Provided records: Begin
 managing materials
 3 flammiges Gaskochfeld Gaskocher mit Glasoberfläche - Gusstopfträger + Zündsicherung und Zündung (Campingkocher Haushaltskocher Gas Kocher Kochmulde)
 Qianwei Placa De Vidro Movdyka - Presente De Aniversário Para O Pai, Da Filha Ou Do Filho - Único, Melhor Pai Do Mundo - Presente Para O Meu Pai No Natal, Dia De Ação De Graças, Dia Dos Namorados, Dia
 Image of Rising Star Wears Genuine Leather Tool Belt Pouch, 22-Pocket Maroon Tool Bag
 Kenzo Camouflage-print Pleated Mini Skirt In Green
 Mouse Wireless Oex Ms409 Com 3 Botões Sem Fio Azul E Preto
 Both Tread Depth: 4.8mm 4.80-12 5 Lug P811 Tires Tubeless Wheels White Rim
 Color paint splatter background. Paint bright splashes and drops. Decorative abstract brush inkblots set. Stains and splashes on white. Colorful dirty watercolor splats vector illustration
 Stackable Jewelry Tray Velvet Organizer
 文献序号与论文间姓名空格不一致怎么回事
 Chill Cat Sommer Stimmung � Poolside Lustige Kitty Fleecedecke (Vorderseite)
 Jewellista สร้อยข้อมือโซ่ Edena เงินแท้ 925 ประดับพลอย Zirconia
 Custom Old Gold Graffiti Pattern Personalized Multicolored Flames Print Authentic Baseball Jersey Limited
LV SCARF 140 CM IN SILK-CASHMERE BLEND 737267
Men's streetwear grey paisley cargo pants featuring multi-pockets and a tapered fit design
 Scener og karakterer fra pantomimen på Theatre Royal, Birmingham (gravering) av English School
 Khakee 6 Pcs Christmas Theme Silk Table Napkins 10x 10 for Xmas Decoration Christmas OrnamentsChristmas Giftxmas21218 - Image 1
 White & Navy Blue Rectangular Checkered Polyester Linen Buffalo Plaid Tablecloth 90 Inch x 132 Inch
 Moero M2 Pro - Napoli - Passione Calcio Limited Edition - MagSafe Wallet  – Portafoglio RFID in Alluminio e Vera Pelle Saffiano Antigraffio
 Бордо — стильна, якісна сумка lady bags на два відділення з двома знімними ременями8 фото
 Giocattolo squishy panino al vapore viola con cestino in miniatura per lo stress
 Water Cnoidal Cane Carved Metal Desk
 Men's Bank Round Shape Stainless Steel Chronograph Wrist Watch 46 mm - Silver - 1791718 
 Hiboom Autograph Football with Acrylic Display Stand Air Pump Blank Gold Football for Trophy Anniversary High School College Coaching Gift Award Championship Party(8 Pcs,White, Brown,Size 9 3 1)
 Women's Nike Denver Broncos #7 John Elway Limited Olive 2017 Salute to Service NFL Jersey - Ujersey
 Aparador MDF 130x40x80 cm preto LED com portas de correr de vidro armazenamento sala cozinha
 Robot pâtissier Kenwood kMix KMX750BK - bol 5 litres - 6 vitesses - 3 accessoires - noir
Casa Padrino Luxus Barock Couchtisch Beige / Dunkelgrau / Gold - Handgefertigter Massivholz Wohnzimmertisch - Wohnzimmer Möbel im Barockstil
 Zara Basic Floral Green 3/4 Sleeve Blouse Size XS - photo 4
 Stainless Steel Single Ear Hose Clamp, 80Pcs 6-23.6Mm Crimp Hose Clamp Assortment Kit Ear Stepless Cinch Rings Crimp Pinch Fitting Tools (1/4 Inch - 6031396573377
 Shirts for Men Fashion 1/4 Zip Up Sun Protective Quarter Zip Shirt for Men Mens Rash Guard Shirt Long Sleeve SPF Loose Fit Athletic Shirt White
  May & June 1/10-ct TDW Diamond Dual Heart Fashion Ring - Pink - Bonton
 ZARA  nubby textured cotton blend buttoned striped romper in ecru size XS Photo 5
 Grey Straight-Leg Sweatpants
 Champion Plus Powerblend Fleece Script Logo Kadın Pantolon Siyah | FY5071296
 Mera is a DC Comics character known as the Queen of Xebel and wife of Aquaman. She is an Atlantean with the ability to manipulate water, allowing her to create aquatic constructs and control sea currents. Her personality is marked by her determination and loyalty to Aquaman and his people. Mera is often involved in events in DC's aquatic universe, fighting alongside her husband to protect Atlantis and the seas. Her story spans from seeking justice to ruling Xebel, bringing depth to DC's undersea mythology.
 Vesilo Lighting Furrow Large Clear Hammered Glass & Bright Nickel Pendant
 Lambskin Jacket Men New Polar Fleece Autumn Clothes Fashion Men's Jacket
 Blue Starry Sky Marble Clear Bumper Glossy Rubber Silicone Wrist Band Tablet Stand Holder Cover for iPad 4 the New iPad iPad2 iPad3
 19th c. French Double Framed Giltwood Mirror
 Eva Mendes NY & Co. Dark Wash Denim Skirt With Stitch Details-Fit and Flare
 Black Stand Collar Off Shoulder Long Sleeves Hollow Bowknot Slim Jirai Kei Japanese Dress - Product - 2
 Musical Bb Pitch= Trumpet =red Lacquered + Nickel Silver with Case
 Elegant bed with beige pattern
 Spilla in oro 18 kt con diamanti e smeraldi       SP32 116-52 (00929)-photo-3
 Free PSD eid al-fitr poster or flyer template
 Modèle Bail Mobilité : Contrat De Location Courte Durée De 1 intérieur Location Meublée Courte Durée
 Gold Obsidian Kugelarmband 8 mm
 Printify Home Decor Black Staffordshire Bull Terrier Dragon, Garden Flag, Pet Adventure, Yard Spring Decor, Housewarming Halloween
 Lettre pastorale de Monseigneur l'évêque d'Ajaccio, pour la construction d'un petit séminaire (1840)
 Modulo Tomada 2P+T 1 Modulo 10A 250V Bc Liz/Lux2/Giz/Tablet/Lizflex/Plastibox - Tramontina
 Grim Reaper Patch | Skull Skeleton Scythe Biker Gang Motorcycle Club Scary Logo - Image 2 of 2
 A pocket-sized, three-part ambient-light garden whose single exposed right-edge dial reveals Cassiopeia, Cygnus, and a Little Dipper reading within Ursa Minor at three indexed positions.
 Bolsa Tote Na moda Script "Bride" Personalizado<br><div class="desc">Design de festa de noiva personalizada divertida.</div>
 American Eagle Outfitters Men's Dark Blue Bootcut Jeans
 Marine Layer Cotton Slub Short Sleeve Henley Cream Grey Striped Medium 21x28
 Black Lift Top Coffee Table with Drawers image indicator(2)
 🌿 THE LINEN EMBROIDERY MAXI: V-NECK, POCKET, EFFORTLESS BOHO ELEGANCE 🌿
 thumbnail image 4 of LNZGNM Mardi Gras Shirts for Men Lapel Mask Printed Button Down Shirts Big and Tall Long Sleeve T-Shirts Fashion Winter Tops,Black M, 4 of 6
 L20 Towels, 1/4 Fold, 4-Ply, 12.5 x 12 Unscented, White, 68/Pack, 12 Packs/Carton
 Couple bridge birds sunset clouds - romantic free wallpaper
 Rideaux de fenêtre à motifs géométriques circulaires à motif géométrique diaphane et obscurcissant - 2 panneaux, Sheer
Provided records: End
• [Exercise details]
Scan the listing above. Gather each line that contains the word "Stand".

• [Completed exercise]
 Hiboom Autograph Football with Acrylic Display Stand Air Pump Blank Gold Football for Trophy Anniversary High School College Coaching Gift Award Championship Party(8 Pcs,White, Brown,Size 9 3 1)
 Blue Starry Sky Marble Clear Bumper Glossy Rubber Silicone Wrist Band Tablet Stand Holder Cover for iPad 4 the New iPad iPad2 iPad3
 Black Stand Collar Off Shoulder Long Sleeves Hollow Bowknot Slim Jirai Kei Japanese Dress - Product - 2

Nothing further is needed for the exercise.